A majority of Americans think that Donald Trump’s surprise attack on Iran was an effort to distract the public from his relationship with Jeffrey Epstein, according to new research.
Fifty-two percent of likely voters polled by the progressive think tank Data for Progress said they believed Trump at least partly launched strikes on Iran on Feb 28 to distract from his once-close relationship with the late financier and convicted sex offender, which was thrust back into view following the Department of Justice’s botched release of the so-called “Epstein files.”
The survey—funded by Zeteo and Drop Site News and conducted among 1,272 likely voters—also found that at least a quarter of Republicans shared the same belief.

Additionally, a striking two-thirds of people under 45 echoed such claims, according to the survey.
The poll also found that 55 percent of respondents disapproved of the war, a finding consistent with several other surveys.
Last week, a separate poll from CNN found that nearly six in 10 Americans oppose the president and Israel’s coordinated strikes on Iran, which, as of publication, have claimed the lives of at least seven U.S. service members.

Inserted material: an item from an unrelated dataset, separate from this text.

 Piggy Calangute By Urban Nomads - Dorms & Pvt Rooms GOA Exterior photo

The president, 79, said at a press conference Monday that he expects the war he launched to end “very soon.”
But a majority of those surveyed by CNN—56 percent—said they believe long-term military conflict between the United States and Iran is at least “somewhat likely.”
Even lawmakers have accused the president of starting a war to distract from Epstein, who died by suicide in a Manhattan jail cell in 2019.

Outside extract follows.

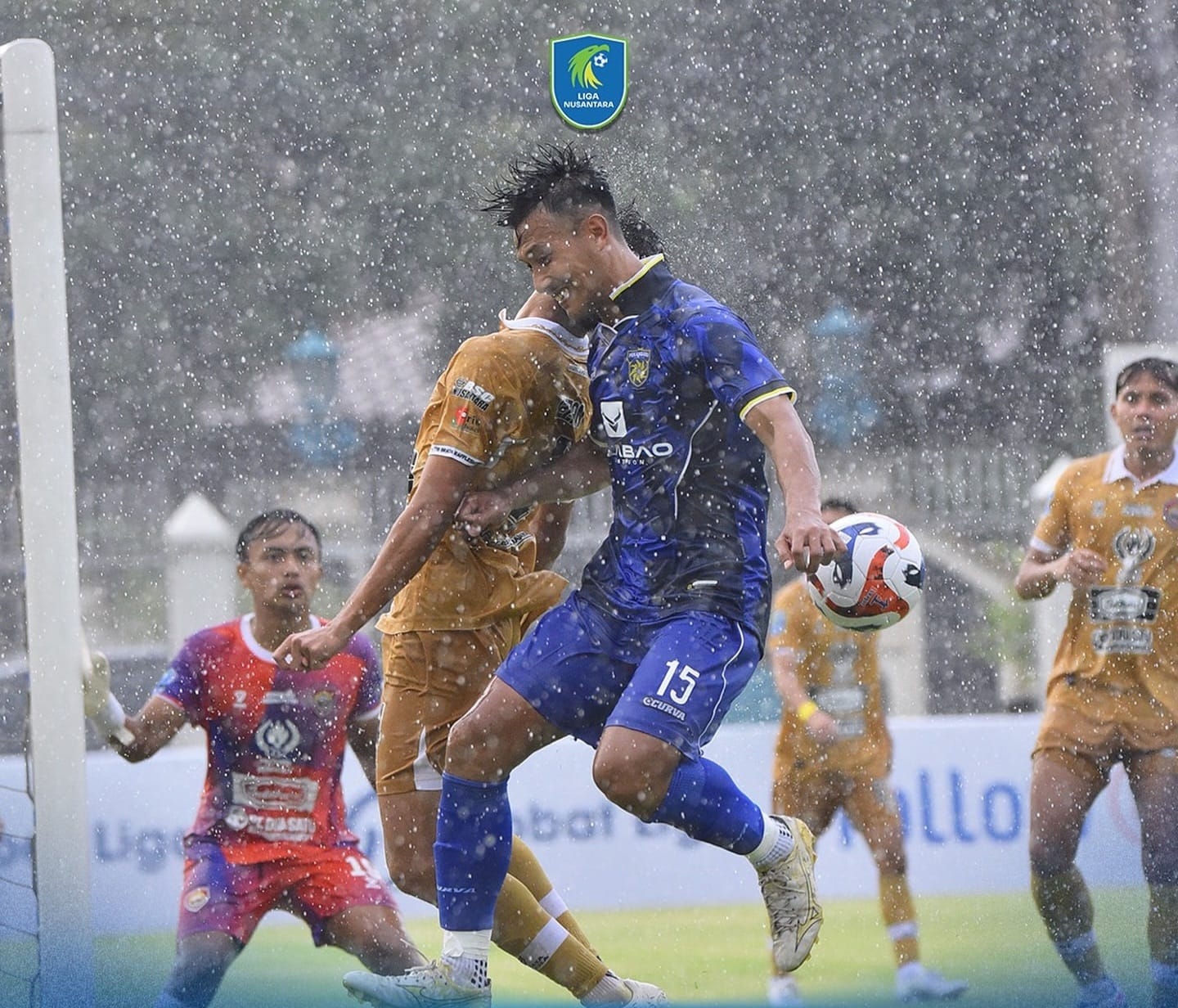 Bek Pekanbaru FC Jodi Kustiawan berduel dengan pemain Tri Brata Rafflesia FC dalam laga Liga 3 di Stadion Kota Barat Surakarta, Ahad (30/11/2025).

A day after Trump struck Iran, Rep. Thomas Massie issued a pointed reminder that war would not distract him from his push to force the Justice Department to release all documents linked to Epstein.
“PSA: Bombing a country on the other side of the globe won’t make the Epstein files go away, any more than the Dow going above 50,000 will,” the Kentucky libertarian wrote on X.

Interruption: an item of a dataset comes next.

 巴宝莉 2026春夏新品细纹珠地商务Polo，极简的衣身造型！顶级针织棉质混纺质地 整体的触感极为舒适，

Massie is one of several Trump critics who have accused the president of staging foreign policy crises and other White House controversies to deflect scrutiny from his historic relationship with Epstein, particularly as new Justice Department documents related to the late sex trafficker’s crimes are released.
Massie and his Democratic ally, Rep. Ro Khanna, spearheaded the Epstein Files Transparency Act—which Trump begrudgingly signed into law—directing the Justice Department to release all files connected to Epstein.
Just this week, it was reported that documents detailing FBI interviews with an Epstein victim who accused Trump of sexually abusing her when she was 13 are reportedly being kept under wraps by the Department of Justice. The Department of Justice published 16 pages regarding the accuser last week, yet more than three dozen pages remain missing from the Epstein files, according to an analysis by NPR, including “files related to allegations that President Trump sexually abused a minor.”
The Daily Beast has reached out to the White House for comment.